One can’t help but think of The Sopranos when looking at this pork store. Granted, it’s in the middle of the West Village and not Newark, but certainly smacks of the same kind of authenticity and porkiness. Of course, I’m not a lover of pork, but fear not! There is more than marbled Italian meats at this sandwichery. Not that they don’t have all sorts of hanging pig product, because they do.
I was brought here by a dyed-in-the-wool son of a Russian Jew from suburban Jersey who is convinced in every way that he’s an Italian dude from Brooklyn. He talks about Italian sandwiches the way EDM fans talk about BPMs. The way surfers talk about the perfect wave. It’s weird to me. Maybe because I don’t care that much about anything – let alone lunch.

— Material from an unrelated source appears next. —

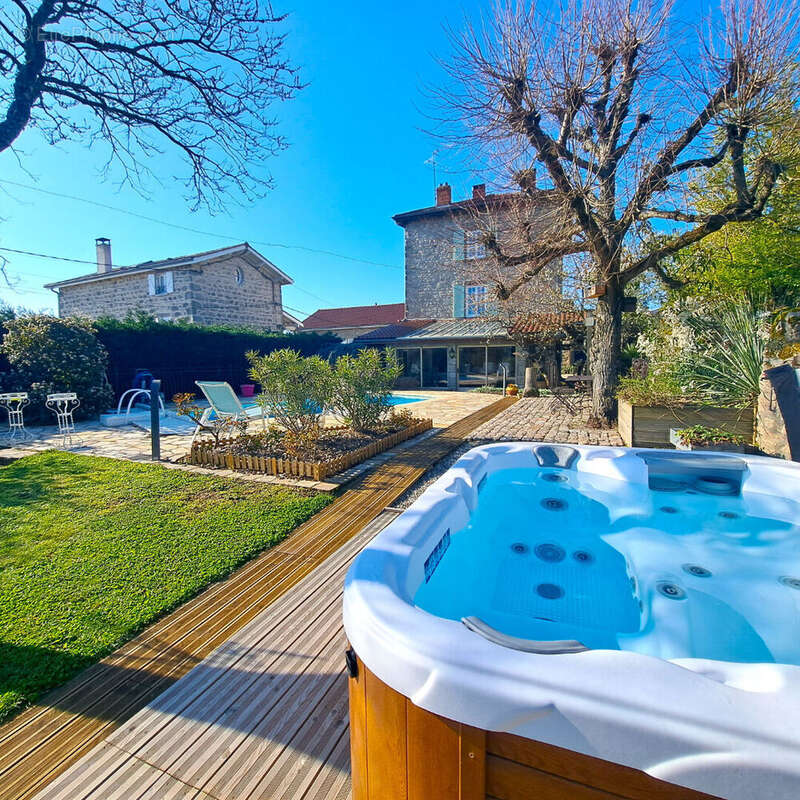 Maison à SOUCIEU-EN-JARREST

So I will assume he’s correct about their Italian sandwiches. That they’re robust and delicious and all the things that I assume they are without ever having one. What I can comment on is their chicken cutlet with pesto hero. First, it’s a big meal. Especially as one who is known to eat a small bag of cashews from the vending machine in lieu of a real midday meal. It’s fried chicken with fresh mozzarella and homemade pesto on a pretty darn good, crusty sub roll. It’s wrapped in white paper, which is absolutely saturated in the oil from the pesto when you open it. It’s fragrant and the fry on the chicken is great. The pesto is garlicky and greasy as hell (but in the best possible way). I think I slipped into a coma after eating it, but it was almost worth it. Who am I kidding; it was totally worth it. It certainly makes you wonder why in the hell you ever ate a sandwich anywhere else.